The description of procedure and its rationality can be seen directly in Penfield and Miller (2004), so readers can inspect the formulas. The literature related to this method, based on the score procedure (Wilson, 1924), can be found in Penfield (2003), Penfield and Giacobbi (2004), and Miller and Penfield (2005).
Program
To calculate the average of the content validation and the asymmetric confidence intervals, an SPSS syntax is written which is adapted to the SAS syntax by Miller and Penfield (2005). Even with the rise and popularity of the free software (Haine, 2019; Muenchen, 2017), the SPSS is of persistent use and it still holds the attention of researchers in different disciplines (Haine, 2019; Masuadi et al., 2021; Muenchen, 2017; Shaikh, 2016, 2017). Similar to a few ad hoc programs to obtain evidence of the content validity (e.g., Merino-Soto, 2018; Merino-Soto & Livia-Segovia, 2009), the program presented here implements the method of Penfield and Miller (2004) for constructing confidence intervals around the mean value of the scores, and reports the mean of the expert judges’ scores, its equivalent expression in proportion to the scaling range, the asymmetric CIs around this mean, and the width of the interval. The program is freely accessible and it must be requested from the corresponding author.
Application example
To illustrate the procedure, the results for the evidence of clarity of the items of the dimension Atención Sostenida, made by Moscoso and Merino-Soto (2017; see Table 2) were used, in which the Inventario de Ecuanimidad y Mindfulness was validated. In the input specifications for the program, you have to report the mean (M), the sum (S) of the judges’ ratings for each item, the number of judges (17), the number of scaling responses (k; in this example, 6 ordinal points, from no validity to full validity), the error rate (alpha; among the options: .10, .05, .01), and the value of the number (start) with which k starts, that is, 0 or 1 (see Table 1, Input heading).

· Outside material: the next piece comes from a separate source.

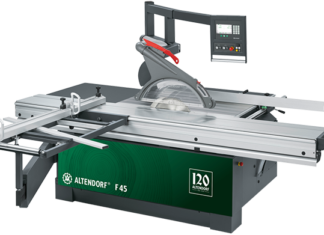 120 years of Altendorf: the F 45 as a limited anniversary edition Altendorf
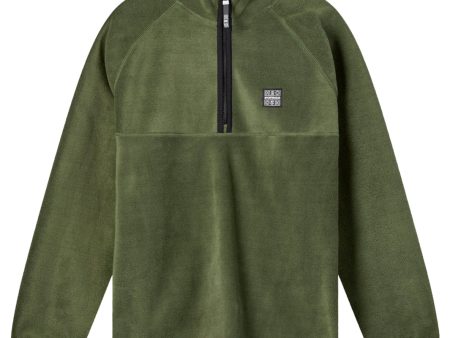 H2O - Sejerø Fleece Half Zip - Army For Discount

In the Output heading of Table 1, the results after applying the program for the calculations are shown. It is observed that, in all the items, except item 1, the lower limit of the interval exceeds the value 4. If the researcher establishes a priori that the items with lower limit of CI must exceed is 4, then this item does not seem to fit this criterion. However, given the difference of .02, the researcher must make a decision whether to apply the criteria strictly or to be flexible.
Final comments
This manuscript presents a computer program, built in the SPSS syntax, to quantify the degree to which the judges agree on the content validity, and their asymmetric confidence intervals. The fundamental difference of this method with others (eg., Merino & Livia, 2009) is that the results are presented in the same metric of the judges’ responses. Because this crude coefficient is equivalent to some transformation between 0.0 and 1.0, the expected linear association between this method and the methods based on standardized coefficients for content validity is perfect or very high. Therefore, the user should focus on: a) how the evidences of the content validity is expressed (i.e., in the metric of the judges’ responses, or in a range between 0.0 and 1.0), instead of the validity or accuracy of the procedures; b) the confidence level of the interval , which can be generally 90% when the number of judges is small (Merino & Livia, 2009), but the 95% or 99% levels can also be chosen); and c) in the existing computer programs to calculate them complementary results (e.g., Merino, 2018; Merino-Soto & Livia-Segovia, 2009.